Wrongful death lawsuits allow surviving spouses and family to recover financially when a spouse or family members dies due to the negligence or intentional act of another. Wrongful death laws will vary from state to state, but will typically only allow immediate family members, or next of kin, to file the claim. This often results in unmarried individuals being unable to recover for wrongful death claims.
The common exception to this involves states that allow registered domestic partners, which used to be common for same-sex couples prior the nationwide legalization of same-sex marriage. However, frequently, older couples will register as domestic partners rather than re-marry after a divorce, or a prior spouse died, for a wide variety of social and economic reasons.
Being Married Before Death Matters
While wrongful death laws may feel harsh for an unmarried surviving partner, lawmakers and courts have recognized that marriage, or domestic partnership, is a significant step in a couple’s relationship. Until a couple takes that step, legally, they are not considered family members. Since wrongful death statutes are meant to compensate family members of the deceased, only legally recognized family will be able to recover. This means that the child of an unmarried couple would have the right to recover for wrongful death, while the unmarried surviving parent would not.
However, some jurisdictions will make exceptions for individuals that believed they were married, such as California’s putative spouse exception, or if there was a valid common law marriage. These are relatively rare circumstances, but some states will allow an unmarried person who held a good faith belief that they were in fact married to the deceased to bring a wrongful death action.

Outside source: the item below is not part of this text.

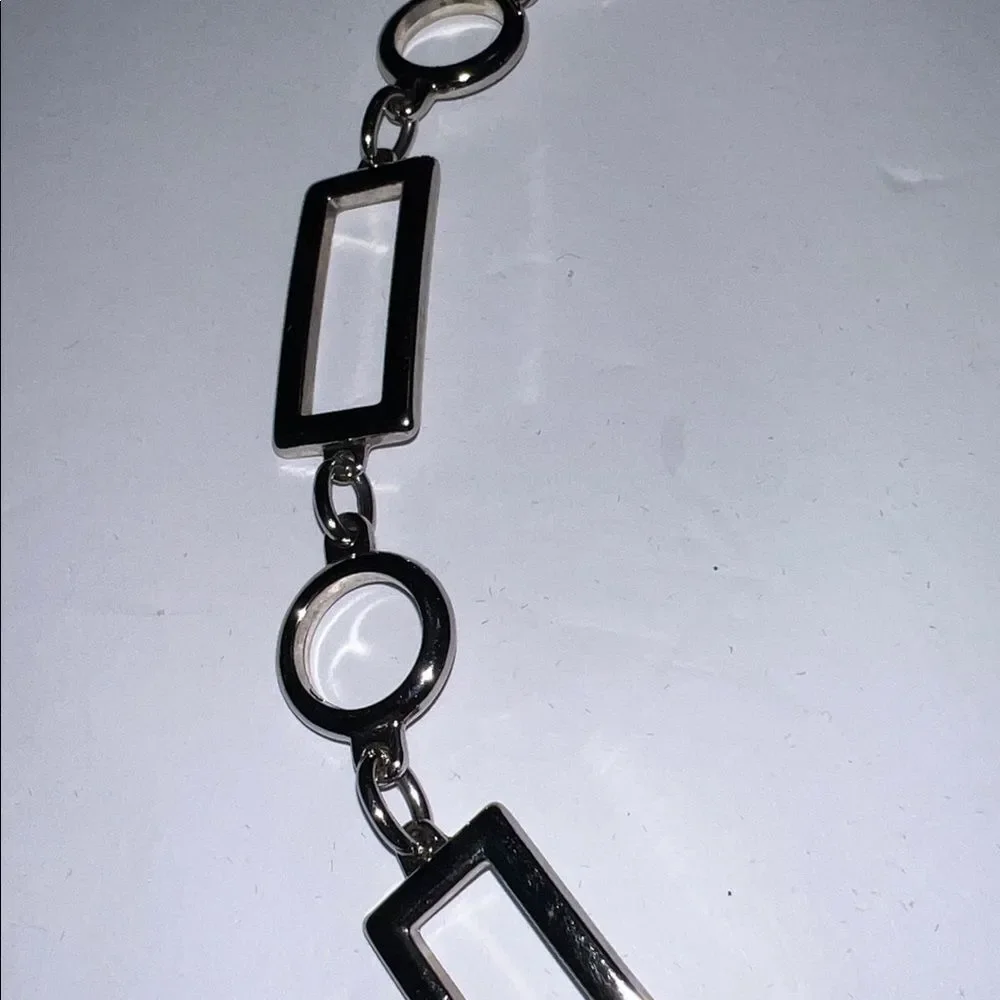 Chic Silver Rectangular Chain Belt - Picture 5 of 6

The Deceased’s Estate and Will
In many states, in addition to the wrongful death claim, a deceased individual’s estate may still be able to pursue a claim for the underlying injury that led up to the death as well as pain and suffering. When this occurs, the estate can recover for the personal injury, and add those funds to those that will be distributed by the estate. If the deceased provided for an unmarried partner in their will, then the unmarried partner may end up with a larger share of the estate as a result of the posthumus personal injury action.